Bitcoin drops below $25,000 due to inflation scare

Bitcoin hits 18-month low at less than $25,000, altcoins are in free fall, with many coins posting double-digit price losses

Bitcoin hits 18-month low at less than $25,000, altcoins are in free fall, with many coins posting double-digit price losses, and this has led to a massive drop in total cryptocurrency market cap, which has fallen below 1 trillion dollars.

Bitcoin at its lowest level in 18 months


Friday's US inflation news (a record increase of 8.6% YoY) kicked off a new wave of losses for Bitcoin, which initially dropped from $30K to $29,000.

However, what has happened (and continues to happen) over the past few days has been significantly more violent, as Bitcoin's free fall intensified to $27,000 on Saturday and $26,000 on Sunday, liquidating more than $50 billion over the course of the year.
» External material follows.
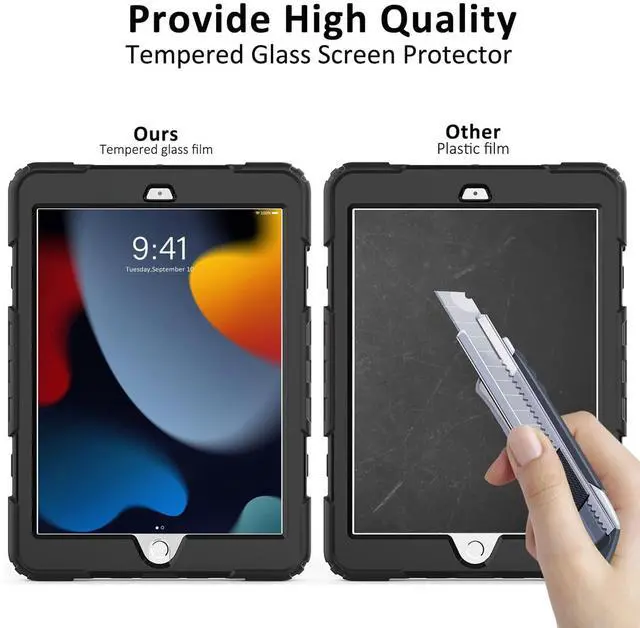 Alt view image 3 of 5 - iPad 9th/8th/7th Generation Case, iPad 10.2 Case 2021/2020/2019, [Kid Proof] ambison Full Body Protective Case with 9H Tempered Glass Screen Protector, 360deg Rotatable Kickstand & Hand Strap (Black)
Two consecutive days.

Today, Monday, the currency continued to decline to fall to the lowest level since March 2020 at $ 24,500, which means a decline of more than 10%, and its market value also fell below $ 50 billion, the only good news at the moment is that the dominance of Bitcoin over altcoins remained above 47% where they suffered the most.

As it usually happens when Bitcoin goes down it does Crypto Others too, most of whom were wearing red over the weekend, but were falling back every day.

Total cryptocurrency market cap has shrunk to less than $1 trillion, and lost more than half of its $2.8 trillion market cap from its peak in November 2021, data shows that in the past 24 hours, Bitcoin contracts were liquidated by $163 million and Ethereum contracts were liquidated by $143 million.

US inflation data

Bitcoin's decline is mainly due to the effects of the impact of US inflation data, as sentiment spread from the stock market to the US crypto-asset market, and in general, liquidity is being withdrawn from all asset classes in the US.

At the moment, the US economy is recovering, the US dollar is in a high inflation range and the cryptocurrency is under pressure, and this trend is likely to continue for a while,

In addition to high inflation, experts also believe that the macroeconomic performance of the United States together with the international political and economic landscape may accelerate the accumulation of risks in the short term, and venture capital institutions have begun counterproductive processes to balance global risk assets, the first to bear the brunt of liquidity Withdrawn from the cryptocurrency market in the short term, in addition, the recent trend of US monetary policy and regulation has been extremely unfavorable to cryptocurrency, there has been a significant outflow of liquidity in assets.

One of the things that has been bad for the crypto world lately is that data shows that more and more people in the US are entering the crypto-asset industry with a very young average age, many of whom are teenagers or even younger, and are using social networks to promote and market Bitcoin and other cryptocurrencies. Thus, crypto assets such as currencies and the resulting financial regulatory risks make rational investors fear and accelerate the process of short-term money exit from the market.